Time-based preventative maintenance, is the bedrock of many maintenance programs.  And when components are relatively non-critical, it’s fine.  Even corrective maintenance, where parts are replaced only when they fail, can be acceptable in some areas.  But even then, some basic precautions can improve productivity significantly.  For example, listening to machines.  Every machine has a characteristic sound (vibration profile).  If it changes, call in the maintenance supplier early to check it out.  Being vigilant can achieve a fair balance of risk between the company and the maintenance team.

Only use original manufacturer’s spares. Third party components may not be of the same quality and, therefore, their lifespan is unpredictable.  Effective maintenance programs are built on accurate data, add a rogue component to the mix - and everything changes.

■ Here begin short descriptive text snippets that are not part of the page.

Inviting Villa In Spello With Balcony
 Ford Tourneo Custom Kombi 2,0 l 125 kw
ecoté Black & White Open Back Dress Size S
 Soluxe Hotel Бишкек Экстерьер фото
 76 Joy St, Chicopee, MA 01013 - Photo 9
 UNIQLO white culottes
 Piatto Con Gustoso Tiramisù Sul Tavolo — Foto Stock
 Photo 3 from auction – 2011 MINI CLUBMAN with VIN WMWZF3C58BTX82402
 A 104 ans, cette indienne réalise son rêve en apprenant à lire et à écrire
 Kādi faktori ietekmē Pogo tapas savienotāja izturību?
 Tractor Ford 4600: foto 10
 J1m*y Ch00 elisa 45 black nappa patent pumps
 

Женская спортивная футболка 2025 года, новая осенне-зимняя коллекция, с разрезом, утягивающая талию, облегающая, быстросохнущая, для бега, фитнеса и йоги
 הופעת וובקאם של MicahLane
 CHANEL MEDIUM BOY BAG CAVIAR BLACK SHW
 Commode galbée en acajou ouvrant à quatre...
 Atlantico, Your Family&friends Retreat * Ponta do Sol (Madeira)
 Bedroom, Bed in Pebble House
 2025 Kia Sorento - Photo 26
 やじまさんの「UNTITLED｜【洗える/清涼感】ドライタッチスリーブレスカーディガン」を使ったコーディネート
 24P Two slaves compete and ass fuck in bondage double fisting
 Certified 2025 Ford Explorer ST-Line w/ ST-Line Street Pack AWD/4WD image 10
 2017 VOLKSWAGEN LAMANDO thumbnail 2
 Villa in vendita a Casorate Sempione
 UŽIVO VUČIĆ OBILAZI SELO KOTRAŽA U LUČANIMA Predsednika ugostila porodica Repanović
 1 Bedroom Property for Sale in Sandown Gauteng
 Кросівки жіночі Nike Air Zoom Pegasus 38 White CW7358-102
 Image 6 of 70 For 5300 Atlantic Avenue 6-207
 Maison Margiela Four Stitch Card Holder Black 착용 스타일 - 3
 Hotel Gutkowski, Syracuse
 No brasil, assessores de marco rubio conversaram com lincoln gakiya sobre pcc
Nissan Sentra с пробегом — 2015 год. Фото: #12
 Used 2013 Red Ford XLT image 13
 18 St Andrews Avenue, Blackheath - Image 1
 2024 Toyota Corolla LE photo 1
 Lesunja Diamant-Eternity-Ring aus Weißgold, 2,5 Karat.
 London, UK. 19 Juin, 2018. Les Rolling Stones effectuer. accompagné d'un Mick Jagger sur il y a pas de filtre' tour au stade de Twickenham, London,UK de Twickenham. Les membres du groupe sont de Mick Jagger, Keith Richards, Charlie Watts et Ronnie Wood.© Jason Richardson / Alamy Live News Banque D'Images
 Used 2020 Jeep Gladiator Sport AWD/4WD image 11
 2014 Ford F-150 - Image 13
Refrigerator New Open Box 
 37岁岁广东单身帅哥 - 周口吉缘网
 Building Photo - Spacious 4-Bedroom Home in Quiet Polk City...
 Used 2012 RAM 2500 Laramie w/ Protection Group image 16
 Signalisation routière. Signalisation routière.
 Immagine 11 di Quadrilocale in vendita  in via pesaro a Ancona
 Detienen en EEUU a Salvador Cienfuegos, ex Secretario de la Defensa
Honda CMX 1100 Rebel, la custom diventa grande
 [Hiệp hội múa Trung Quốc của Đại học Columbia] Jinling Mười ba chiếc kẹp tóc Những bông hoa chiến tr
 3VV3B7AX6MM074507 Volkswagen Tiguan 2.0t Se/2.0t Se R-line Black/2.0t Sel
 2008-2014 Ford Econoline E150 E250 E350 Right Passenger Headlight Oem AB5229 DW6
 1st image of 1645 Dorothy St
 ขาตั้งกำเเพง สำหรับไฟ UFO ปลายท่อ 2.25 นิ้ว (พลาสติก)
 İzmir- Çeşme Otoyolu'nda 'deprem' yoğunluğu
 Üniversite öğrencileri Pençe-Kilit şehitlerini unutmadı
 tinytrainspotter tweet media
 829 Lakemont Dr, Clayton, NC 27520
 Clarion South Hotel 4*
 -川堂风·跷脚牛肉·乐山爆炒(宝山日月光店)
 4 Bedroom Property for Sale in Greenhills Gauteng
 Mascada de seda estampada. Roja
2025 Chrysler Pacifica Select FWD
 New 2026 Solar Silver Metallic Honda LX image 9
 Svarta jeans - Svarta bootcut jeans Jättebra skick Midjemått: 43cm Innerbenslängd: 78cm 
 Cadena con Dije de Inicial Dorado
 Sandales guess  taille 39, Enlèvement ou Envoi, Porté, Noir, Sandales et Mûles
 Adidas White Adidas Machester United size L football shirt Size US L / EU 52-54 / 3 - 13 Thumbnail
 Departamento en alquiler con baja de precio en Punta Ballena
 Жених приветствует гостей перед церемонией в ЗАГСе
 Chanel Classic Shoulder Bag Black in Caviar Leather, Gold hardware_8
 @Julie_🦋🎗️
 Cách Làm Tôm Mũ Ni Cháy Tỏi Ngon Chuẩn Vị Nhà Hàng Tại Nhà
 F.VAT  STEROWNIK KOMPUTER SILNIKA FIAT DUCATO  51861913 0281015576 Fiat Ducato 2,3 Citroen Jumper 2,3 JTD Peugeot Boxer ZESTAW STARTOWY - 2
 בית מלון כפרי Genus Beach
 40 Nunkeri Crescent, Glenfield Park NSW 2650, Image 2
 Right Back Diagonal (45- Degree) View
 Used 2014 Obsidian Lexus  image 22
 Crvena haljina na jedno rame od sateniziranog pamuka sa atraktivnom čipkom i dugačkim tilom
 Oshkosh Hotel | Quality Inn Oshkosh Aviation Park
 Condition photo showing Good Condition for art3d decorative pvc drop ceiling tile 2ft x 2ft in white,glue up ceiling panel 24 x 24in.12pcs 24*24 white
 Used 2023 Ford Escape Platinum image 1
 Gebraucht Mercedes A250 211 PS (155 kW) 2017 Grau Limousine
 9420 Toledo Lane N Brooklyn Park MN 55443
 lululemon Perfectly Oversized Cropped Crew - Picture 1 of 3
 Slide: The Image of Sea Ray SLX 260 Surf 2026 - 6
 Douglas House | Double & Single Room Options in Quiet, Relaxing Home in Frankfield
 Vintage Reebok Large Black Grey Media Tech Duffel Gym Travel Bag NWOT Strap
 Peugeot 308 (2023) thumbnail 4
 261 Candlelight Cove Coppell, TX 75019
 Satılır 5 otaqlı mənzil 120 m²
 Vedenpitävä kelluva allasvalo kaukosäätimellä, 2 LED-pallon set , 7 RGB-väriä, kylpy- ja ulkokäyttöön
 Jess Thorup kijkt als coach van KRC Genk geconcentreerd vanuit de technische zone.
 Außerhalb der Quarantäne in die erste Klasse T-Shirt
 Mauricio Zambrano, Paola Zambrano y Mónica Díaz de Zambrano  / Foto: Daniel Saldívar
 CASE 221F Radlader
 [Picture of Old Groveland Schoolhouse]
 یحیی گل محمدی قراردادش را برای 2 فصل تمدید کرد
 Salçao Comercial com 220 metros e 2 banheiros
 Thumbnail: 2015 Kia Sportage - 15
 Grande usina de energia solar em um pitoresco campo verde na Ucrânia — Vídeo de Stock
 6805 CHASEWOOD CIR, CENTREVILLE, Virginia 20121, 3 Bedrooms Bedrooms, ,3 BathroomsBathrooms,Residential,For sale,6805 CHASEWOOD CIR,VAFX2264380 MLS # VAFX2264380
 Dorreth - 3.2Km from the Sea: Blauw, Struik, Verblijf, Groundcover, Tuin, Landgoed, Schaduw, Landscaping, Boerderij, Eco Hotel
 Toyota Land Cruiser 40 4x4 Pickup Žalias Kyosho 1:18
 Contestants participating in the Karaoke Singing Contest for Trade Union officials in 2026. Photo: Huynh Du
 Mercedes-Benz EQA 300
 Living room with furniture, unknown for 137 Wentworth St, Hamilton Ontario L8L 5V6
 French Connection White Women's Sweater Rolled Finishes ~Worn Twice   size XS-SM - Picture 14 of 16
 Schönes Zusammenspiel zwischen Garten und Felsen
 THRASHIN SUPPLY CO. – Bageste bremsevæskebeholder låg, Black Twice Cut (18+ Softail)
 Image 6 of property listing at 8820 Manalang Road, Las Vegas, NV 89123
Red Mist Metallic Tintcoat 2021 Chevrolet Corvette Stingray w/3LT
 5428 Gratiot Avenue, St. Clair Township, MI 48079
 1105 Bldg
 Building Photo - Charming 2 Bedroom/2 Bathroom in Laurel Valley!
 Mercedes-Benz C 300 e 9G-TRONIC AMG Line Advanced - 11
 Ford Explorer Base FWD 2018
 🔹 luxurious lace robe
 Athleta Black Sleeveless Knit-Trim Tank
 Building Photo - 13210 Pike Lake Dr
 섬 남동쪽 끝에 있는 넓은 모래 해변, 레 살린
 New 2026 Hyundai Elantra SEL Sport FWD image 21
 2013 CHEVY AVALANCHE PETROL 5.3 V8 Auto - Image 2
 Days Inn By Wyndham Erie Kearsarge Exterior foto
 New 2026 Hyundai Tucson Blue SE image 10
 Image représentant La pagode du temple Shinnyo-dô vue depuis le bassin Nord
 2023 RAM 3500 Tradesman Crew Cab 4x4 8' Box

Make sure that maintenance partners have adequate stocks of spares and that they have the infrastructure to keep their delivery KPIs.  There’s no point in a supplier having stocks if they don’t have the knowhow to get parts to where they are needed, in time.

And, perhaps, the most important element is supplier contact.  If there is a crisis, you need to be able to contact the right person, at any time of day, and they must be able and willing to respond quickly.  Some suppliers operate a ticket system that shows that your request is being attended to and provides transparency of the process: it’s a great comfort to know what’s happening and when your problem will be solved.

Training is also a vital element and secures safety of both men and machine. Many stoppages and also accidents are caused because operators don’t know how to get the best from their machines, recognize problems as they develop, and put them right if they occur.

Downtime can be caused by many factors – defects in materials; start-up, shutdown or product changeover; cleaning; product rejects; etc.  However, if identified and categorized in time, the correct type of maintenance for each part of the process can be applied and planned in a maintenance program to fit the plant’s needs, helping to reduce downtime and improving overall plant effectiveness.